Let us continue with our regression problem from the quadratic programming tutorial

## Robust regression

The problem boiled down to solving the problem minimize $$\left\lVert y - A\hat{x}\right\rVert$$ for some suitable norm. Let us select the 2-norm, but this time solve the extension where we minimize the worst-case cost, under the assumption that the matrix $$A$$ is uncertain, $$A=A+d$$, where $$\left\lVert d\right\rVert_2 \leq 1$$ . This can be shown to be equivalent to minimizing $$\left\lVert y - A\hat{x} \right\rVert_2$$ + $$\left\lVert y - A\hat{x} \right\rVert_2$$.
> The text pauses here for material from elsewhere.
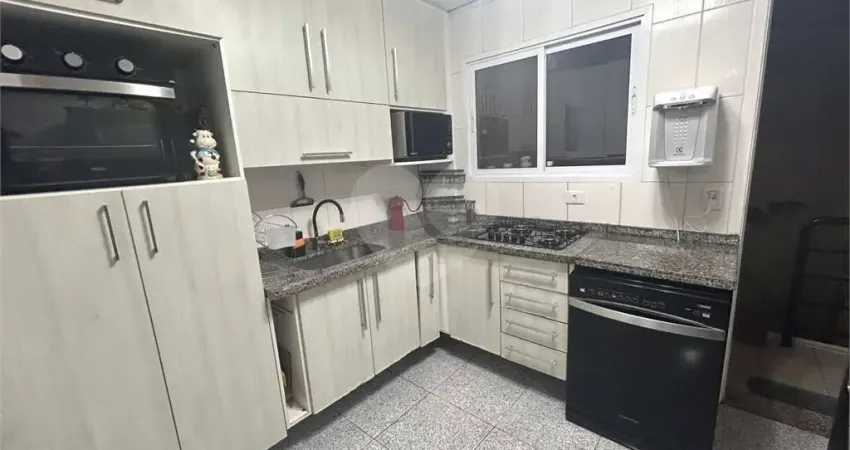Condomínio com 3 quartos à venda em Vila Campo Grande - SP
This problem can easily be solved using YALMIP. Begin by defining the data where we not only have noise in the measurements $$y$$ but also a corrpution in the regressors

x = [1 2 3 4 5 6]';
t = (0:0.02:2*pi)';
Atrue = [sin(t) sin(2*t) sin(3*t) sin(4*t) sin(5*t) sin(6*t)];
ytrue = Atrue*x;
A = Atrue;
A(100:210,:)=.1;
y = ytrue+randn(length(ytrue),1);


As a first approach, we will do the modelling by hand, by adding second-order cones using the low-level command cone.

xhat = sdpvar(6,1);
sdpvar u v

F = [cone(y-A*xhat,u), cone(xhat,v)];
optimize(F,u + v);


By using the automatic modelling support in the nonlinear operator framework, we can alternatively write it in the following epigraph form

xhat = sdpvar(6,1);
sdpvar u v

F = [norm(y-A*xhat,2) <= u, norm(xhat,2) <= v];
optimize(F,u + v);


Of course, we can write it in the most natural form (and YALMIP will automatically perform the epigraph reformulation and represent the model using second-order cone operators)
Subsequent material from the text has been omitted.